(Beginning of The input)

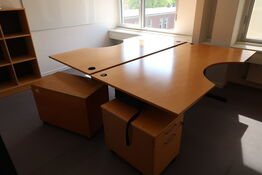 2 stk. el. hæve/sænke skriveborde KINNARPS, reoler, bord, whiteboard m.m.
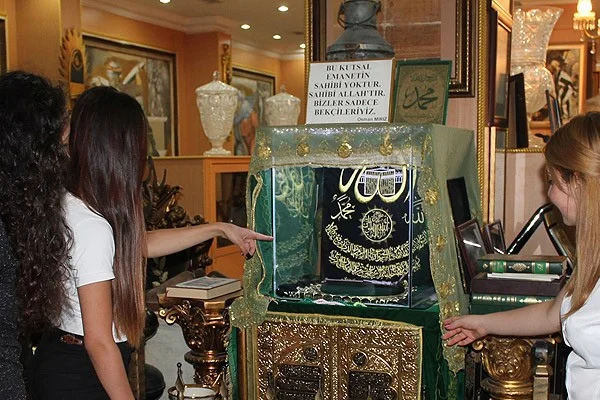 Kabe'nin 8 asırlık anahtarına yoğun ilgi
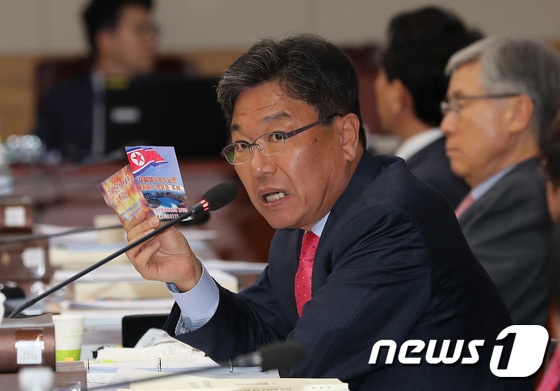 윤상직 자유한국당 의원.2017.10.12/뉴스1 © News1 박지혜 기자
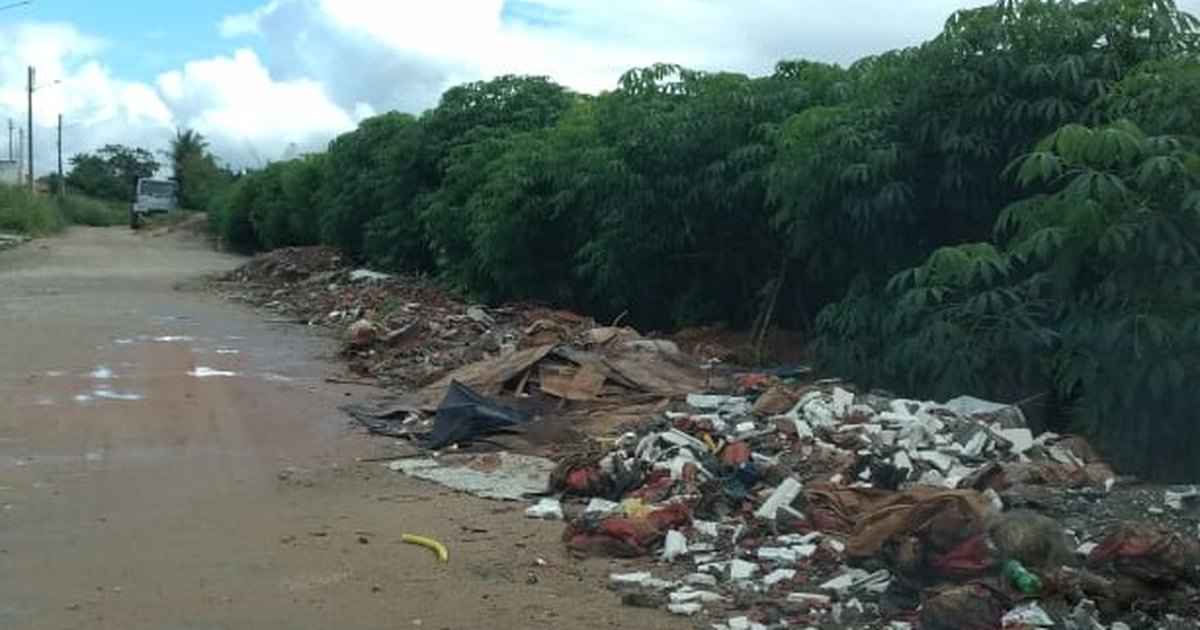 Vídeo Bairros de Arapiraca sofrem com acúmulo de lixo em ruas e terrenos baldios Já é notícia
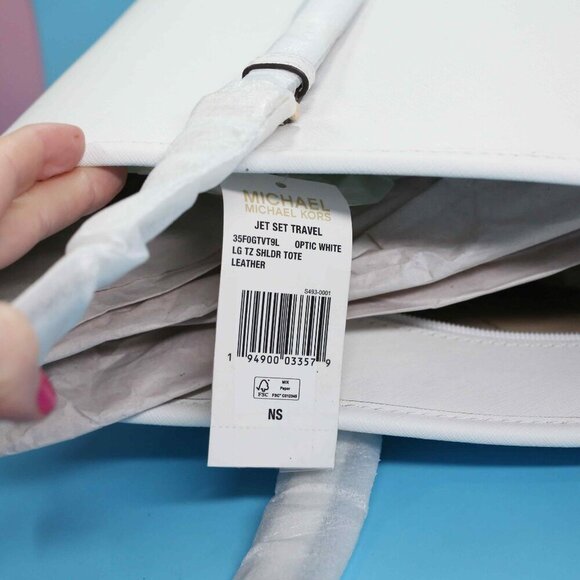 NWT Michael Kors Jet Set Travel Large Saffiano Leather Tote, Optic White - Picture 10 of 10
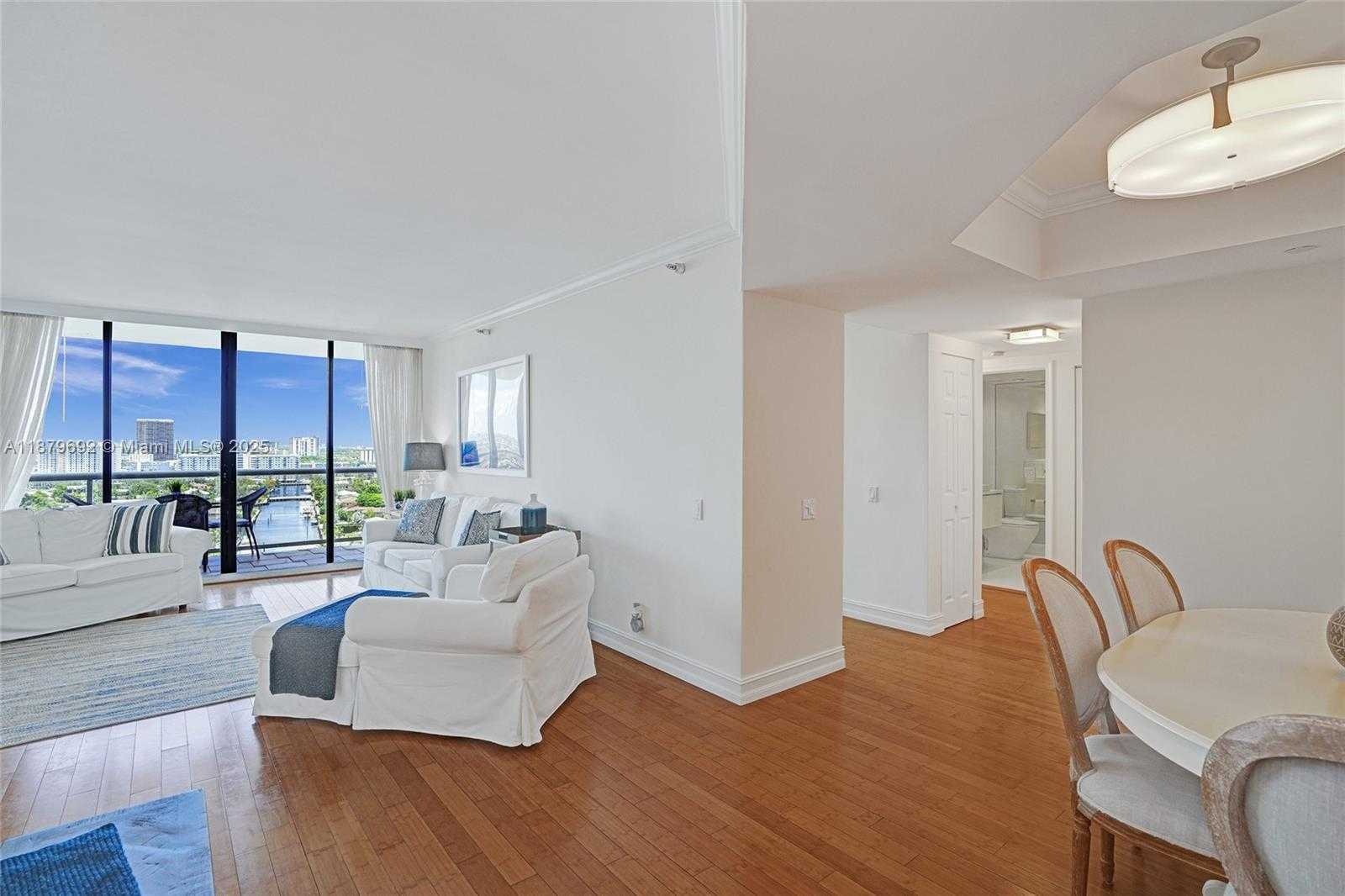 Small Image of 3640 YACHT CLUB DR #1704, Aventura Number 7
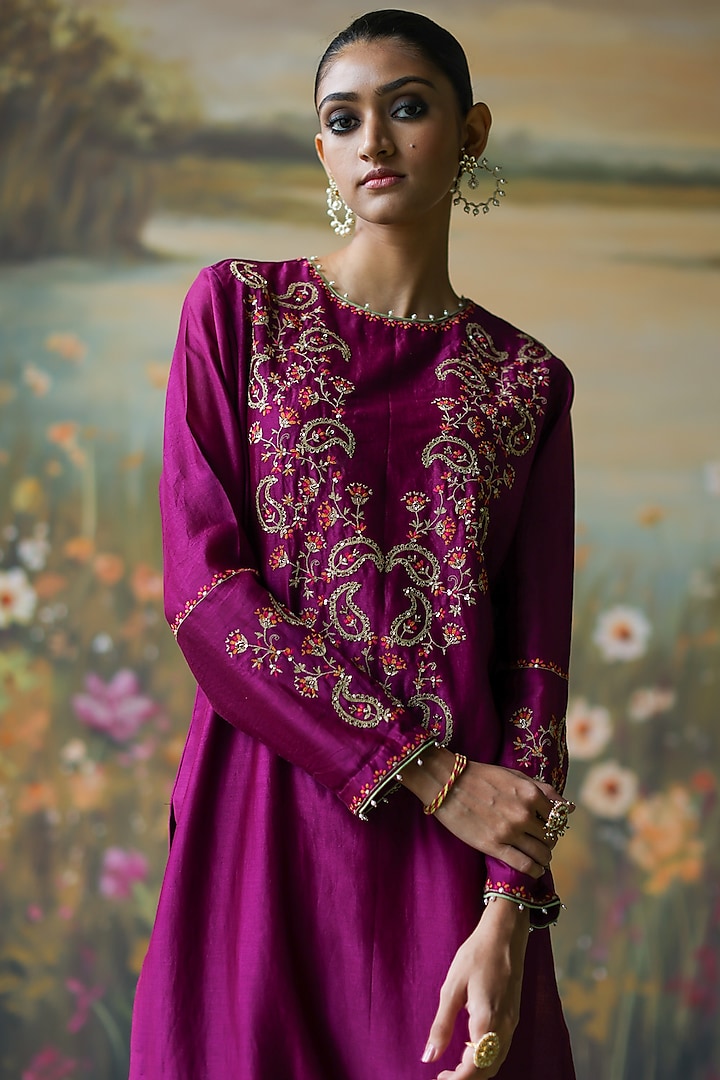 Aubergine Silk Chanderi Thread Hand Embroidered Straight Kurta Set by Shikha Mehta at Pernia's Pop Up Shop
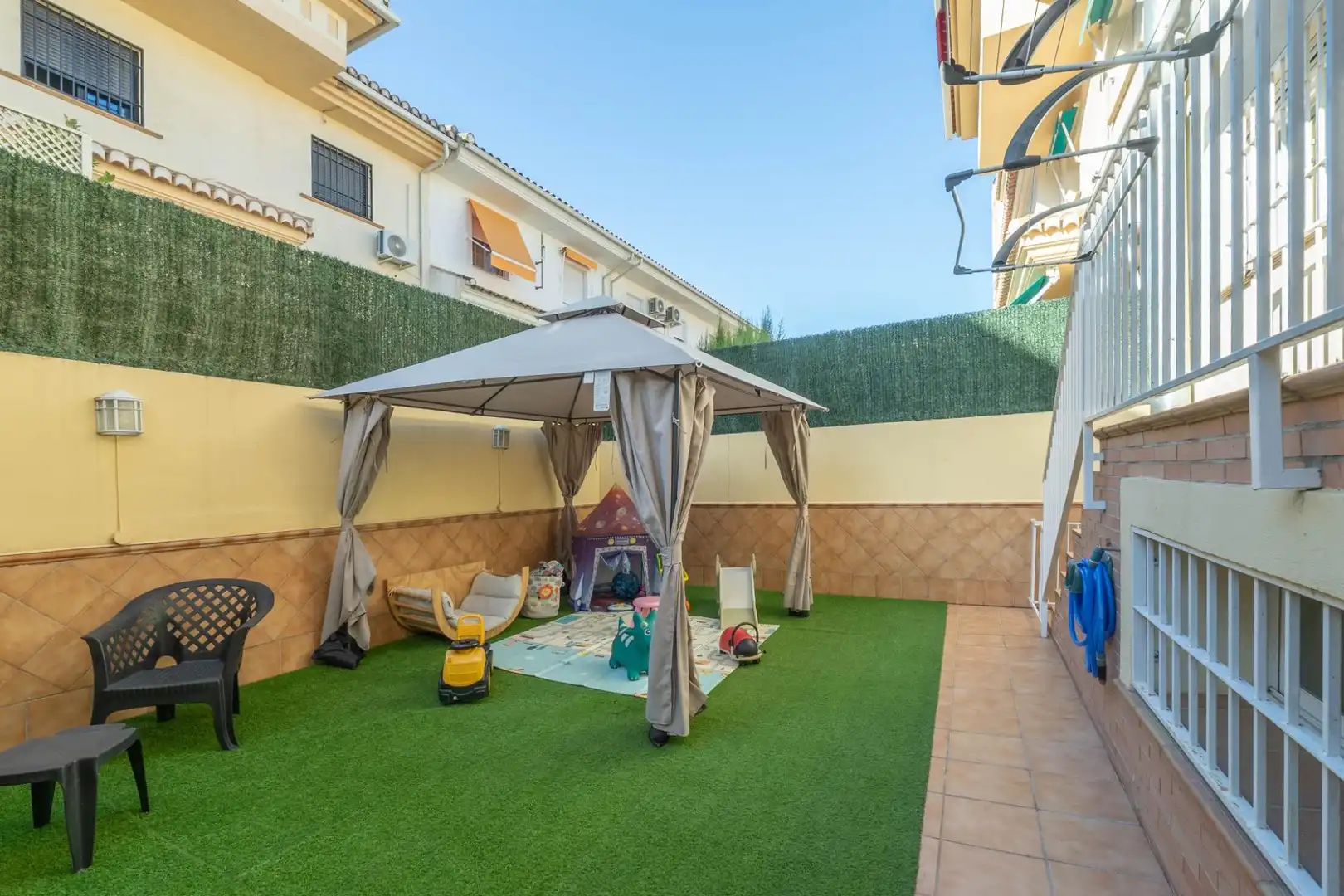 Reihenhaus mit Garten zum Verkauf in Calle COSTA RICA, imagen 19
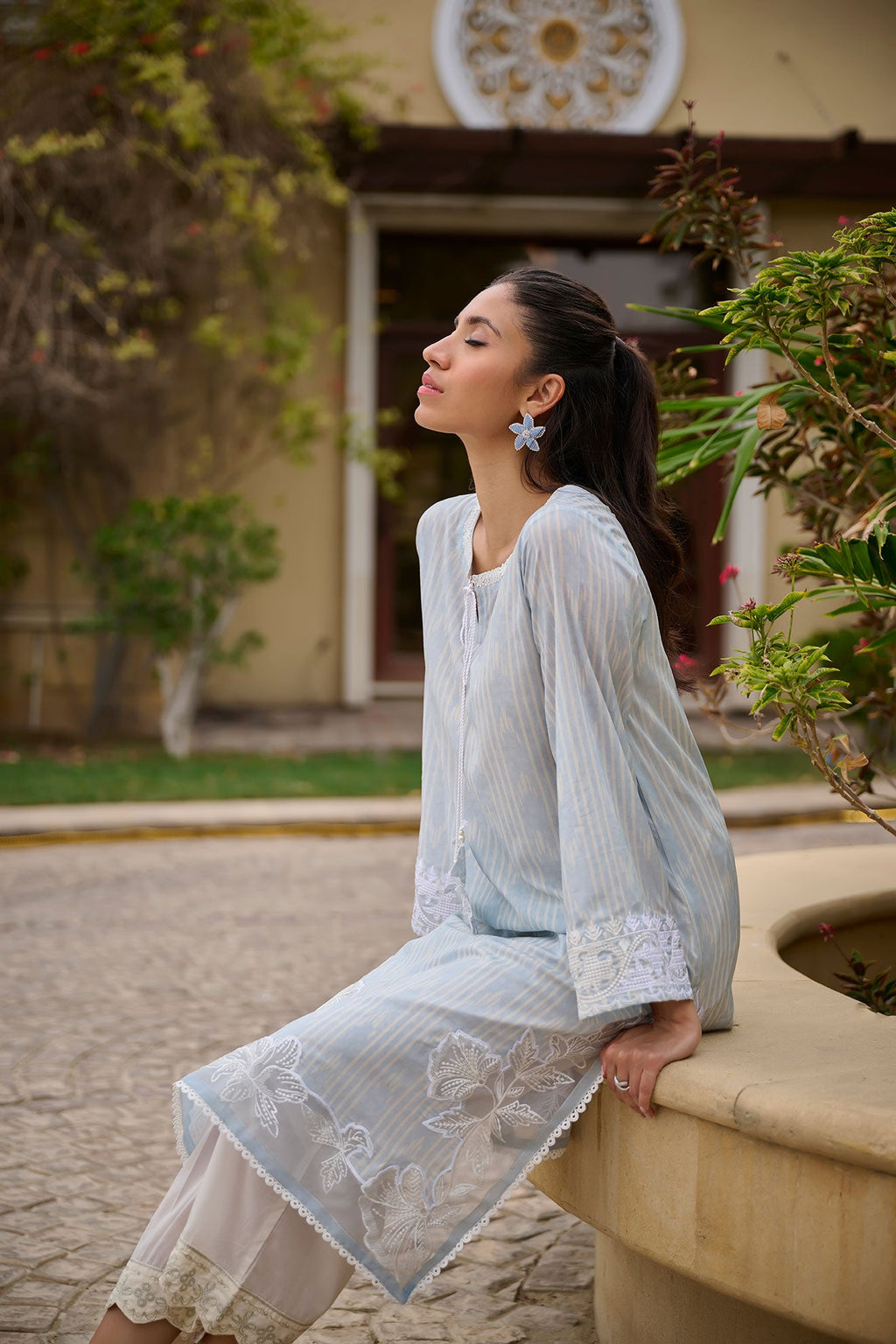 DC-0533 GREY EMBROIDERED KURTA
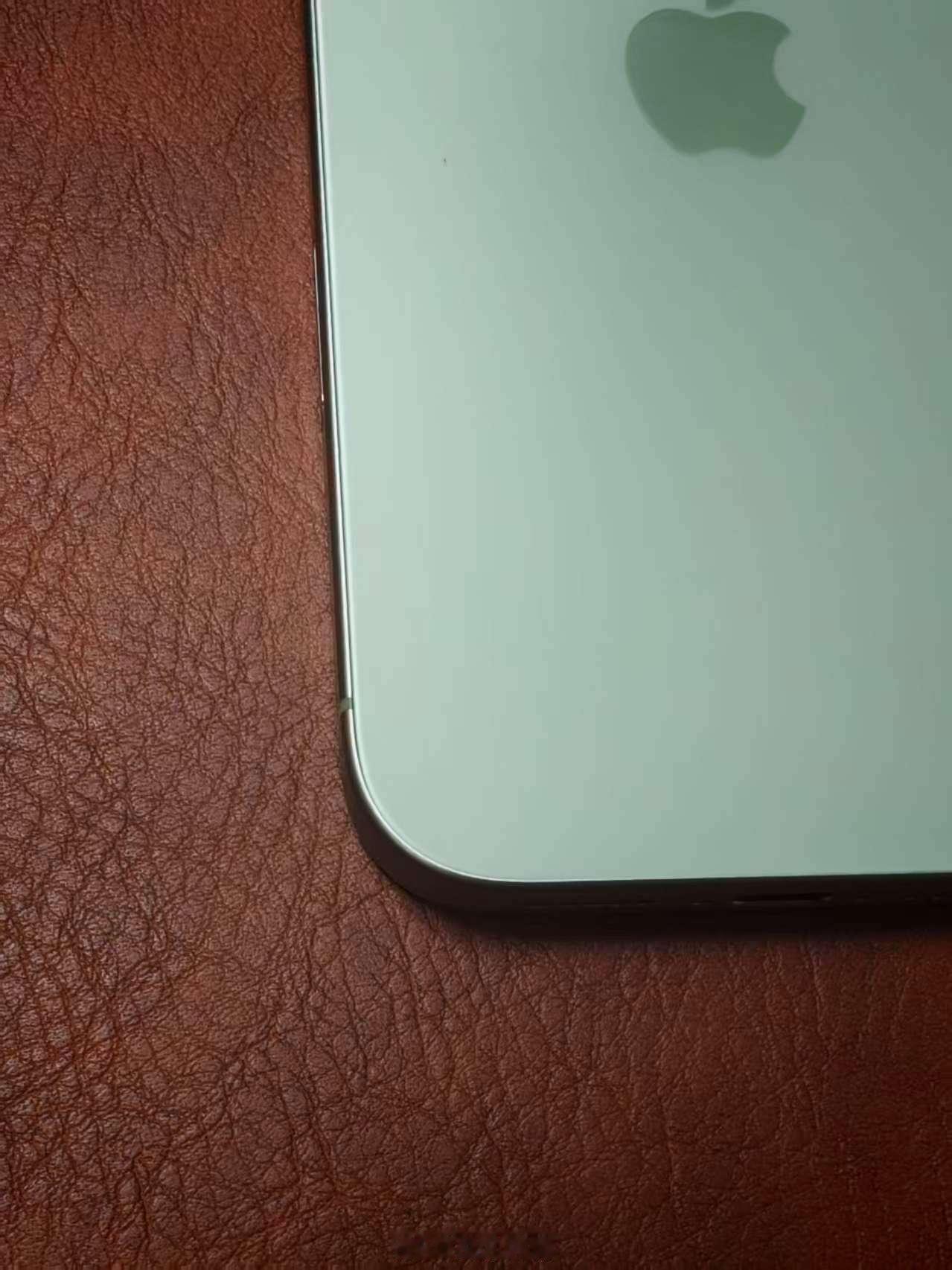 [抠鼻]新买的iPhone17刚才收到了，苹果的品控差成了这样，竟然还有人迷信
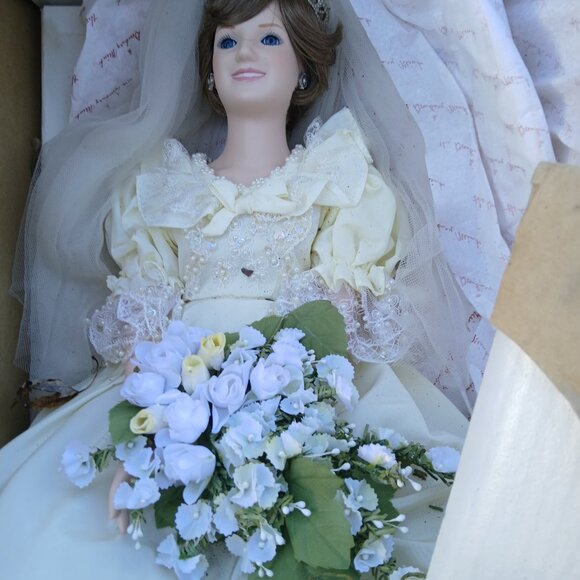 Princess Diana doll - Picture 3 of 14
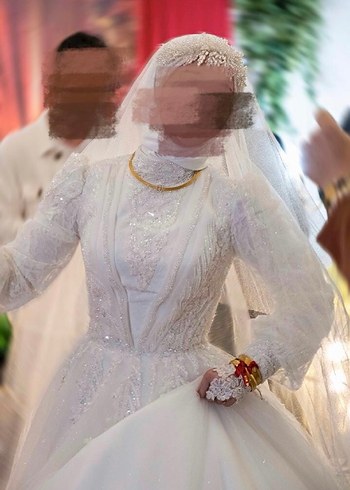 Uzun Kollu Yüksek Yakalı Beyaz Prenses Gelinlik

(End of The input)

What is expected
Everything in the entries except the pictures should be returned exactly as given.

Task result
 2 stk. el. hæve/sænke skriveborde KINNARPS, reoler, bord, whiteboard m.m.
 Kabe'nin 8 asırlık anahtarına yoğun ilgi
 윤상직 자유한국당 의원.2017.10.12/뉴스1 © News1 박지혜 기자
 Vídeo Bairros de Arapiraca sofrem com acúmulo de lixo em ruas e terrenos baldios Já é notícia
 NWT Michael Kors Jet Set Travel Large Saffiano Leather Tote, Optic White - Picture 10 of 10
 Small Image of 3640 YACHT CLUB DR #1704, Aventura Number 7
 Aubergine Silk Chanderi Thread Hand Embroidered Straight Kurta Set by Shikha Mehta at Pernia's Pop Up Shop
 Reihenhaus mit Garten zum Verkauf in Calle COSTA RICA, imagen 19
 DC-0533 GREY EMBROIDERED KURTA
 [抠鼻]新买的iPhone17刚才收到了，苹果的品控差成了这样，竟然还有人迷信
 Princess Diana doll - Picture 3 of 14
 Uzun Kollu Yüksek Yakalı Beyaz Prenses Gelinlik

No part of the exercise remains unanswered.